On the weekends, I do stuff with boyfriend. It's easier to do things when you have someone next to you when you are partially handicapped or feel like on at least. I feel secure in knowing that I can depend on him to get me an ambulance if anything unusual happens. Yeah, I know, it's all in my mind as usual, but that's just me these days.
I realize it's the end of the year and we're just a few days away from November. I'm thinking of taking a vacation in December to LA with my boyfriend, although it's difficult trying to get tickets. So far, no luck and the ones that are available are just too expensive. I am looking forward to that. I was going to visit Hawaii but no luck with tickets. So instead, LA seemed like the next best thing.

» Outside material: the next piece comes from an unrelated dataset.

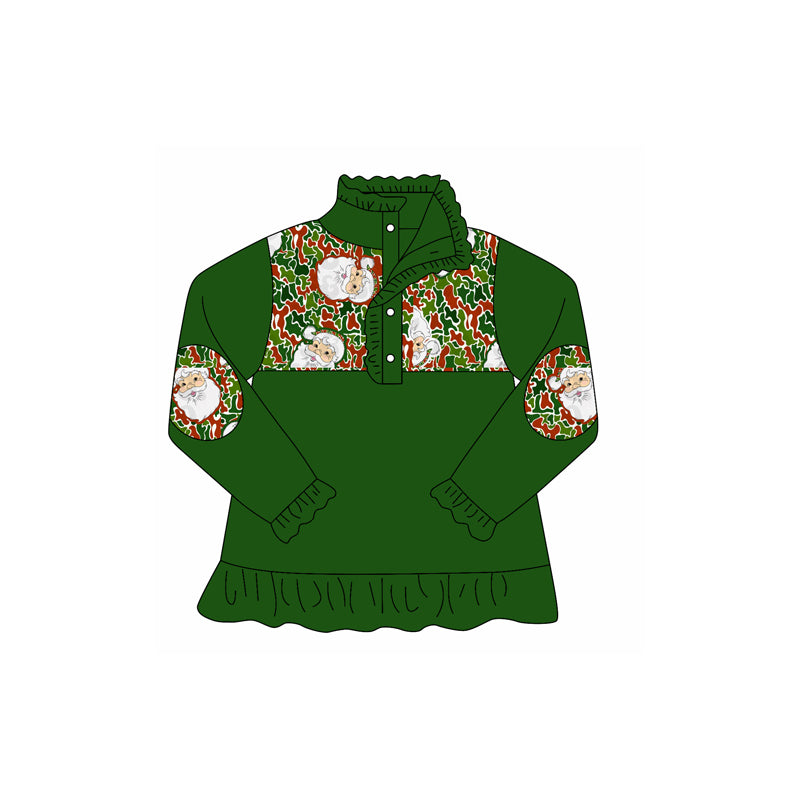 X911 BT1184 Green Santa Claus Girls Long-Sleeved Top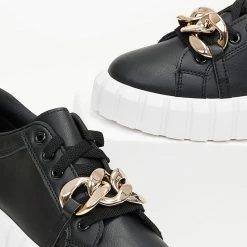 Το φθηνότερο 👍 The Fashion Project 👟 Sneakers με Oversized αλυσίδα - Μαύρο ⭐ -Sneakers Κατάστημα sneakers me oversized alusida 99735 gz1x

So until a few days ago, I was really getting psyched about going to LA because it's one of my favorite cities and I haven't been there in a while. I wanted to visit Disneyland again and go shopping on Melrose Avenue and eat a hot dog from Pinkies. Then all of a sudden today< I thought to myself...what's the use? After I go to LA, what comes after that? What awaits me when I get back to Tokyo?
I feel as though I don't really know where I'm going and I'm at a crossroad with a big stop sign. So I'm standing there and don't really know which way I should be going. I am stuck. My engines have stopped running. My legs are deep in quicksand. What now? What next? Where do I do from here?
After 41 years, I still don't have the answers. Christmas is right around the corner and guess what? No big deal!!! It's just another holiday! I used to look forward to the holiday season. All of a sudden, this year, I feel no excitement. Nothing. Nada.
Why? Why? Why? I don't know why. Maybe it's all the movies I've been watching on DVD. They're all kind of dark and depressing and complicated. Maybe the DVDs are starting to affect me. I don't know. Whatever...I just hope that tomorrow I wake up with some sort of direction because I really don't like where I am right now.